Frequently asked questions
What is entropy in simple terms?
Entropy S is a state function with units of J/K that measures how spread out a system's energy is among its accessible microstates. Macroscopically, dS = δq_rev/T — the heat absorbed reversibly divided by the absolute temperature. Microscopically, S = k_B ln W where W is the number of microscopic configurations consistent with the macroscopic state and k_B = 1.380649 × 10⁻²³ J/K. A monatomic ideal gas at room temperature has S ≈ 154 J/(K·mol) for argon. A perfect crystal at 0 K has S = 0 (third law). Entropy is not 'disorder' in the colloquial sense — it is logarithm of multiplicity, a precise count.

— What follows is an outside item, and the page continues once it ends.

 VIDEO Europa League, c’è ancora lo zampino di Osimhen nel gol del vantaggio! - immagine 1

How is the second law actually stated?
Several equivalent forms exist. Clausius (1854): heat cannot spontaneously flow from a colder to a hotter body. Kelvin-Planck (1851): no cyclic process can completely convert heat into work without other changes. Carathéodory (1909): in any neighbourhood of any state, there exist states inaccessible by adiabatic processes. Statistical (Boltzmann): the entropy of an isolated system, defined as k_B ln W, almost never decreases for a macroscopic system. The unifying mathematical content is dS_universe ≥ 0 for any process, with equality only for reversible processes. Practical consequence: the maximum efficiency of a heat engine running between T_h and T_c is η_Carnot = 1 − T_c/T_h.
Why does Boltzmann's S = k_B ln W matter?

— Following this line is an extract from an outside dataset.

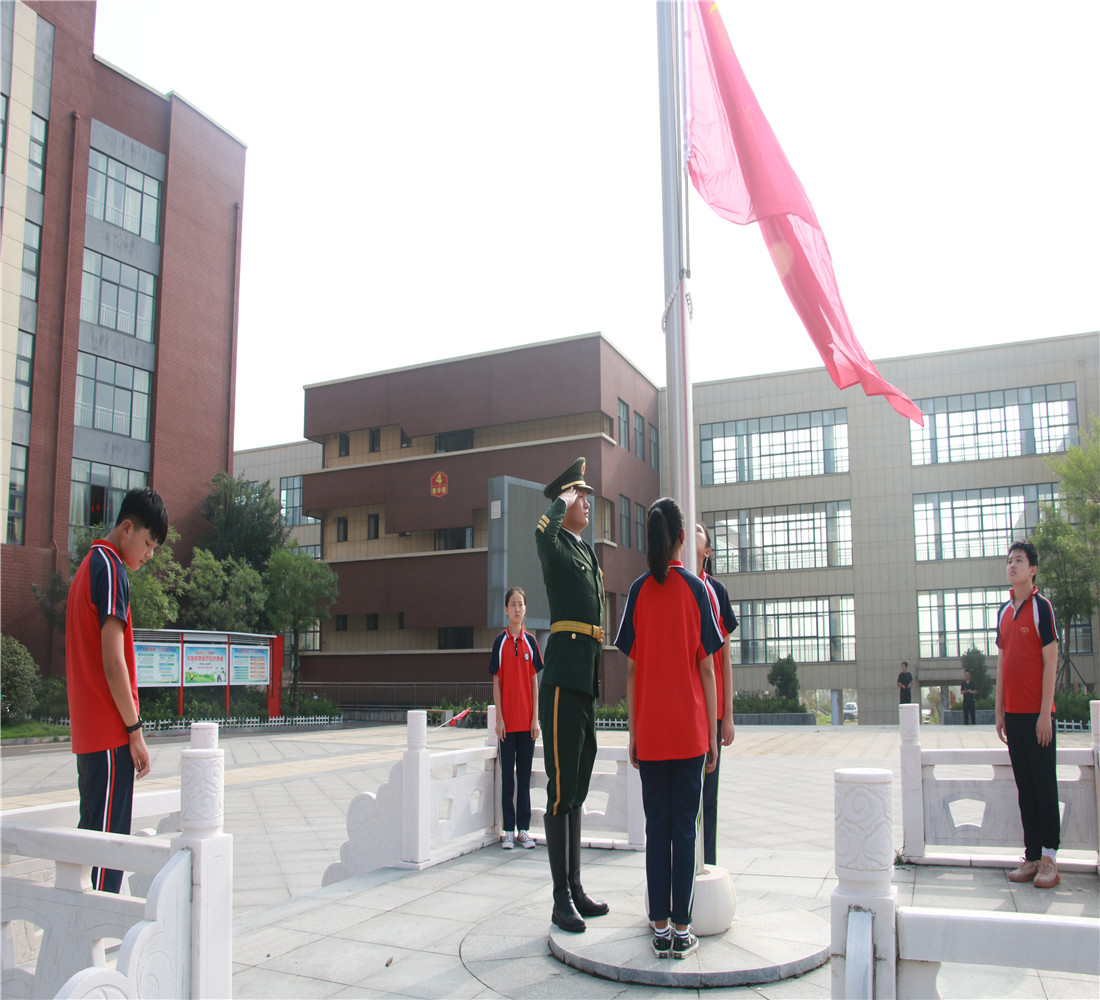 临沂临港实验中学军训图片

It connects the macroscopic Clausius entropy (a calorimetric quantity measured by integrating dq/T) to the microscopic counting of accessible quantum states. For two systems in thermal contact, the equilibrium maximizes total W = W_1·W_2, equivalent to maximizing ln W_1 + ln W_2 = (S_1 + S_2)/k_B. Setting d(S_1 + S_2)/dE = 0 for fixed total energy gives the equality 1/T_1 = 1/T_2 — defining temperature as ∂S/∂E. The formula appears engraved on Boltzmann's tombstone in Vienna's Zentralfriedhof in the form 'S = k log W' (he died 1906; the formula was Planck's compact rewriting of Boltzmann's 1877 work).
Does the second law mean perpetual motion is impossible?
Yes — perpetual motion of the second kind, defined as a cyclic device that converts heat from a single reservoir entirely into work, violates the Kelvin-Planck statement and is impossible. Real heat engines must reject some heat to a colder reservoir, capping efficiency at η_Carnot = 1 − T_c/T_h. A power plant with steam at 833 K and condenser at 308 K has Carnot ceiling 63%, not the 100% naive 'energy in = work out' would suggest. Perpetual motion of the first kind (creates energy) violates the first law (energy conservation) instead. The US Patent Office requires a working model for perpetual-motion applications and has rejected such patents on first principles for over a century.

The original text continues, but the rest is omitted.